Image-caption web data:
**********

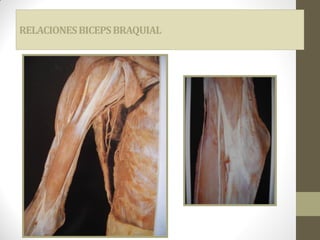 RELACIONESBICEPSBRAQUIAL
 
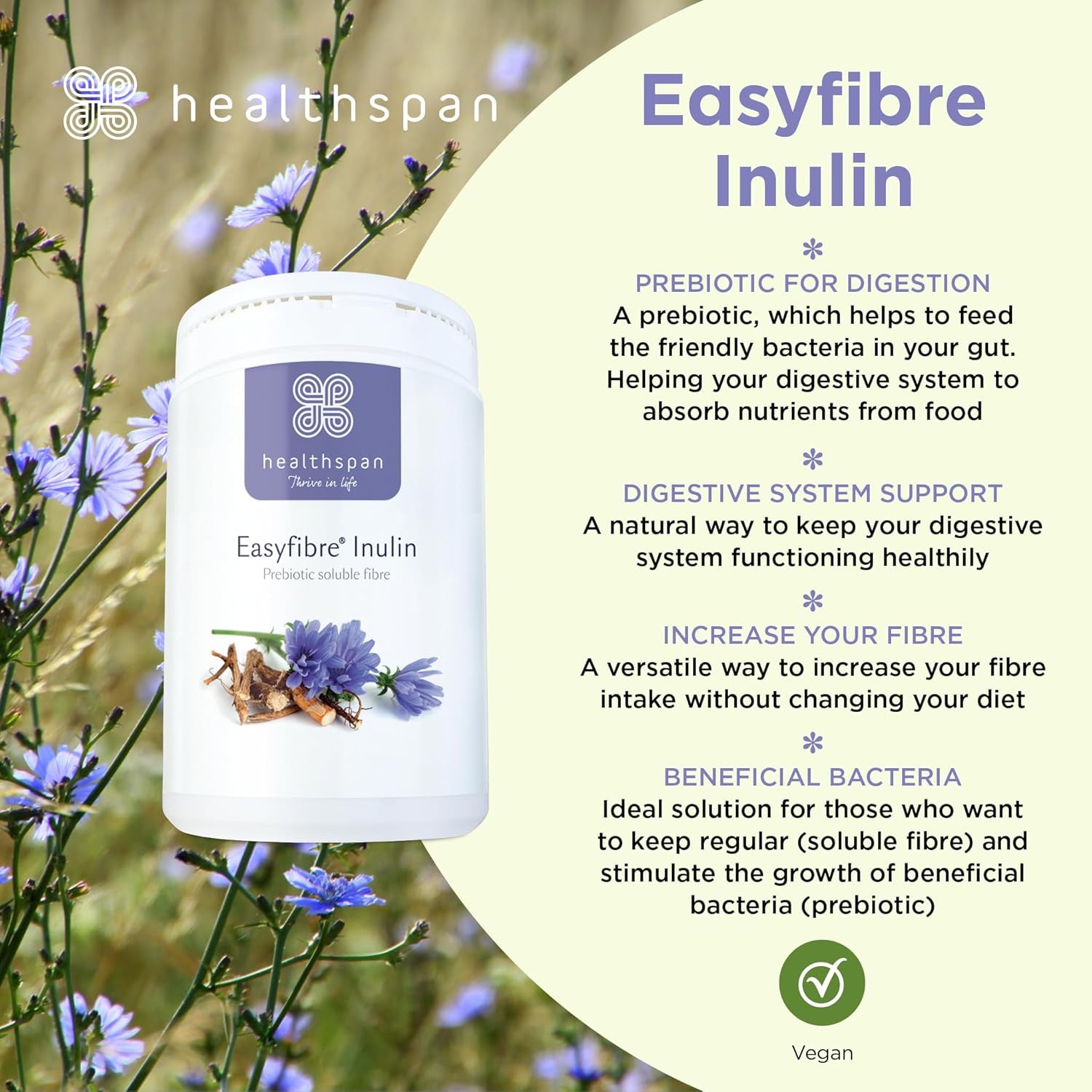Healthspan Easyfibre Inulin (450G) | a Natural Way to Keep Your Digestive System Functioning Healthily | Increase Fibre Intake | Made from 100% Chicory Root | Vegan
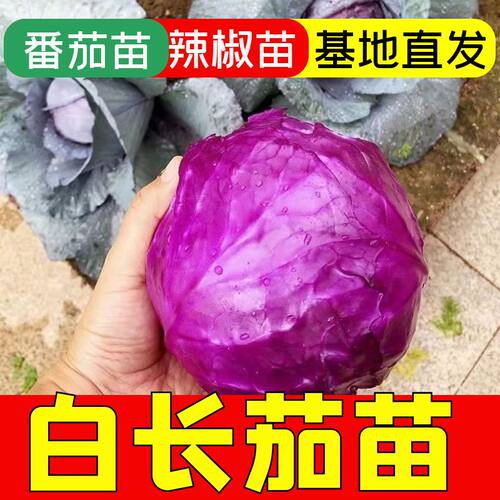 紫甘蓝秧苗紫色包菜苗四季高产
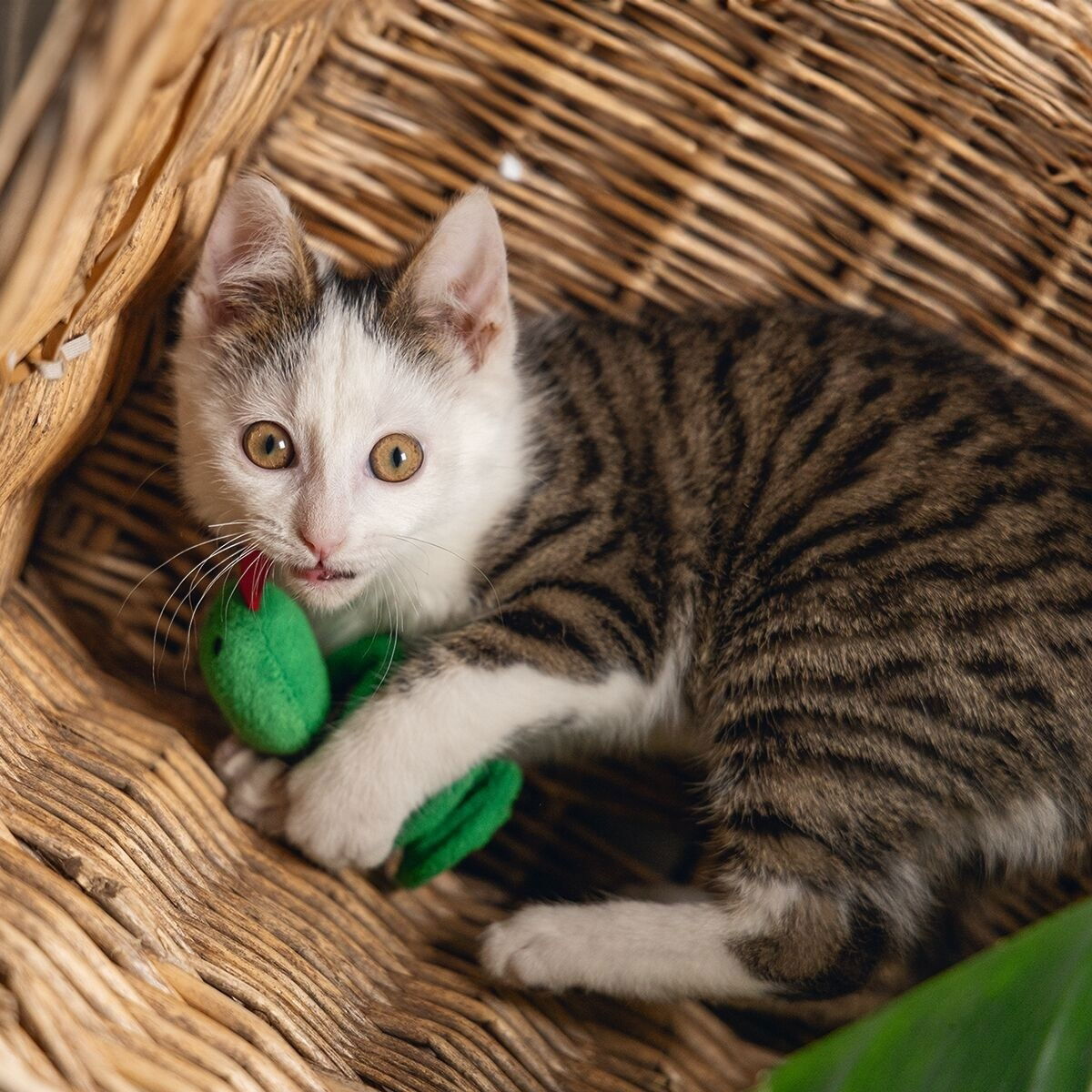 Beeztees Jungle Cat Snake Craza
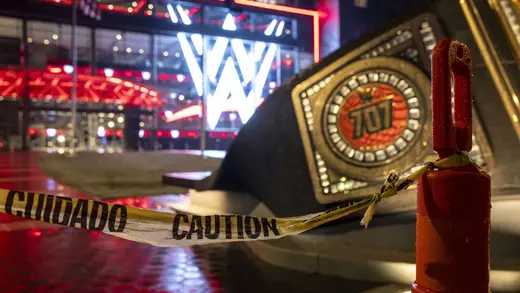 Janel Grant Shares Surprising Feelings on Vince McMahon Scandal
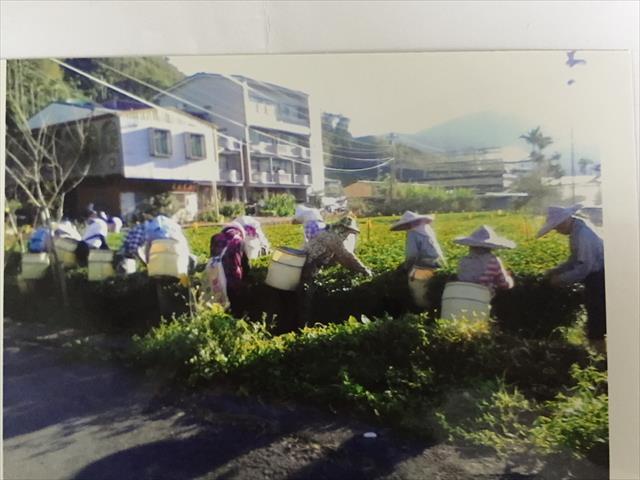 茶製品-茶 產品圖片（產品編號 466309）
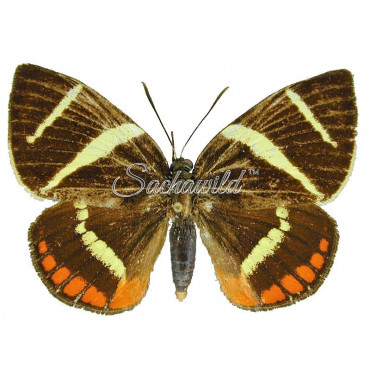 Xanthocastnia Evalthe Quadrata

**********

● **REQUIREMENT**: All lines from the one containing "茶製品-茶 產品圖片（產品編號 466309）" through the end of the entries, both ends included, should be written out exactly, with no pictures.

● **ANSWER TO THIS EXERCISE**:
 茶製品-茶 產品圖片（產品編號 466309）
 Xanthocastnia Evalthe Quadrata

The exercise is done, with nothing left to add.